In the records below, please retype word for word every line from the one containing "Autres Films - Le" through the final one, both included, and nothing else.

Stored data:
- - - - - - -
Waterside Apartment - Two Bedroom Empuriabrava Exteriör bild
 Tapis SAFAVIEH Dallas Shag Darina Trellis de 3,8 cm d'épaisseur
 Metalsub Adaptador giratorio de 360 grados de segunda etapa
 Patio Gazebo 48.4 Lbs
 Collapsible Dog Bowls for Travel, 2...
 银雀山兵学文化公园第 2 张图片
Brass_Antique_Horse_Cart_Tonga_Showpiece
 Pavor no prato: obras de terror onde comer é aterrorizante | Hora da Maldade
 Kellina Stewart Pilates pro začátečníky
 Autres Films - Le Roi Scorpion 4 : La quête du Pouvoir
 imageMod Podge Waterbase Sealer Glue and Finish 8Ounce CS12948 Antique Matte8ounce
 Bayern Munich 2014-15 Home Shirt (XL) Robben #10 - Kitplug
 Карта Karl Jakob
- - - - - - -
## Answer to this exercise
 Autres Films - Le Roi Scorpion 4 : La quête du Pouvoir
 imageMod Podge Waterbase Sealer Glue and Finish 8Ounce CS12948 Antique Matte8ounce
 Bayern Munich 2014-15 Home Shirt (XL) Robben #10 - Kitplug
 Карта Karl Jakob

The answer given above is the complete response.